Les auteurs parleront aussi, hormis Foccart, d’autres acteurs français officieux (ou pseudo officiels selon eux) impliqués dans les malversations en Afrique, Bob Denard, Maurice Robert, Charles Pasqua, Jean Christophe Mitterrand, Guy Ponsaillé, etc. et feront en sorte que les relations France Afrique, soient, pour ce qui est des magouilles, des ventes d’armes et des divers trafics, perçues comme le résultat d’une somme d’initiatives individuelles de personnes influentes isolées et non comme d’une stratégie politique savamment développée par l’appareil Etatique français. Et c’est ce qu’ils sous entendront lorsqu’ils parleront « des relations franco africaines se distendant à tel point que les mieux placés jouent leurs cartes individuelles, plutôt qu’une partition de l’Etat. »


Après cela, on rentrera dans le plus pur style « négrologique », tout y passera. Du génocide relativisé du Rwanda, de l’entière responsabilité des noirs qui se tuaient à la machette et de la prétendue simple erreur d’analyse de la France sur la capacité du conflit à dégénérer.

Le président Mitterrand sera même cité, dans son discours à Biarritz du 8 Novembre 1994 pour le sommet France Afrique, où selon les auteurs, il «a mis en exergue l’impuissance du monde à empêcher la répétition de massacres à grandes échelle en Afrique. ». Les mots du feu président français étaient ceux-ci, à méditer ( ?) :

« En vérité, vous le savez, aucune police d’assurance internationale ne peut empêcher un peuple de s’autodétruire, et on ne peut pas demander non plus l’impossible à la communauté internationale, et encore moins à la France tant elle est seule, lorsque les chefs locaux décident délibérément de conduire une aventure à la pointe des baïonnettes ou de régler des comptes à coup de machette.

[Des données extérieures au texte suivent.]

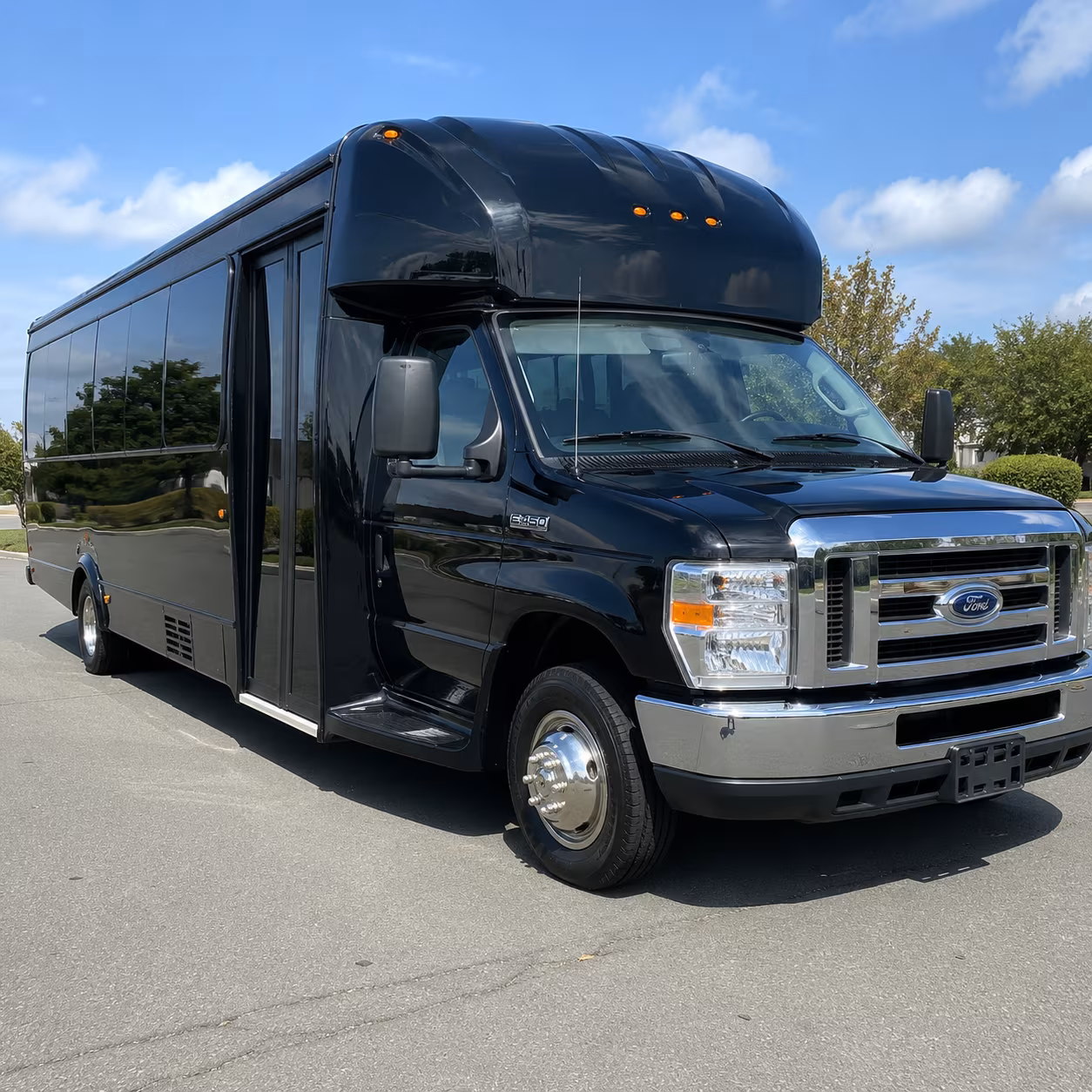 Carlsbad Winery Tour & Pub Crawl Transportation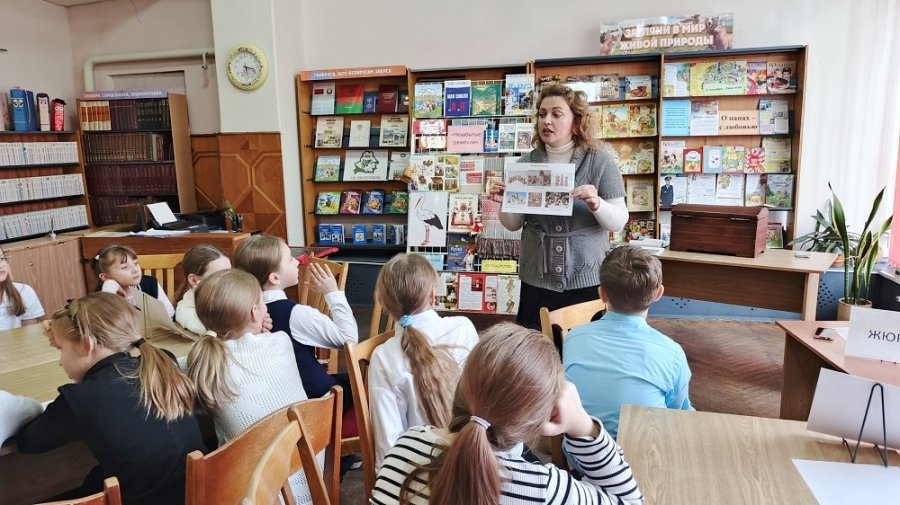 Незабытые ремёсла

Après tout, c’est de leur propre pays qu’il s’agit. Cela n’excuse rien, et même aggrave, mais comment serions-nous juge et arbitre ? Ce n’est pas tant à la communauté internationale que ces fauteurs de guerre doivent rendre des comptes, mais avant tout à leur peuple, à leurs propres enfants et je crains, dans certains cas, le jugement de l’Histoire». Et cela devant un parterre de chefs d’Etat africains…

La suite du livre, et plus particulièrement la partie III, intitulée « l’après 11 Septembre, France out of Africa » n’épargnera pas les Africains. On assistera à une sorte de « remake » de Négrologie et, la plupart des thèmes, pour certains quelque peu controversés, que Smith y avait développés reviendront, sous forme de constats et de statistiques aux sources souvent inexistantes.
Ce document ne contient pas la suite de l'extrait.